Far and away the most common style of neckwear for men, the necktie is sometimes referred to as a “four-in-hand”, which is more precisely the name of a common knot. Able to be tied in a multitude of ways, neckties are appropriate for any situation excluding business casual and black or white tie dress codes.
Necktie Guides For Further Reading
- Top 10 Best Tie Brands
- How To Tie A Tie
- Correct Tie Length
- Top 10 Best Tie Clips & Tie Bars
- How To Wear A Tie Clip
Perceived as either dapper or nerdy, bow ties go through periods of popularity and disdain. Regardless of the whims of fashion, we feel that there’s always a place for the bow tie in the well-dressed man’s wardrobe, so long as you tie it yourself!
Bow ties can be worn casually with odd jackets and trousers, and they must be worn with a tuxedo or full dress clothes.
Bow Tie Guides For Further Reading
Cravats & Ascots
More on this below, but the definition of the word “cravat” varies depending on where you live. In some cases, it can be used interchangeably with a cravat. Meanwhile, it may simply refer to any article of clothing intended to be worn around the neck.
For instance, British use “cravat” to refer to ascots and “day cravat” to refer to neckerchiefs. If the cravat would be really associated with any one unique style of neckwear, it would be a rouche or scrunch tie.

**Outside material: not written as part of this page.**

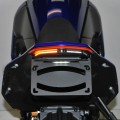 New Rage Cycles (NRC) Yamaha Tenere 700 Fender Eliminator and Taillight / Turn Signal Kit (2024+) New Rage Cycles (NRC) Yamaha Tenere 700 Fender Eliminator and Taillight / Turn Signal Kit (2024+)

As for the Ascot tie, it can be quite confusing! Indeed, an Ascot tie can be either exceedingly formal or particularly casual depending on the style. Traditional ascots are only worn with morning dress; they are secured to the shirt front with a tie tack after being tied in a simple knot.
Otherwise, casual Ascot tie varieties are typically worn under a shirt like a neckerchief as a business-casual accessory.
Cravats & Ascot Furthering Reading
Men have been wearing scarves since time immemorial. Though most of us stick to wearing cashmere or merino wool scarves in winter, silk scarves will give you warmth with some added “oomph” to an outfit.
Neckerchiefs (silk scarves tied kind of like ascots) haven’t been popular amongst the masses for many years now, but that’s no reason to avoid wearing them!
Learn everything you need to know with our detailed men’s scarves & neckerchiefs guide!
What Is A Jabot?
We’ve been quite surprised to receive a few comments regarding jabots, which is a very rare type of neckwear these days. Primarily made from lace, which is attached to the collar with a neckband, the Jabot originated around 1650 and was a popular type of neckwear during the 17th and 18th Centuries.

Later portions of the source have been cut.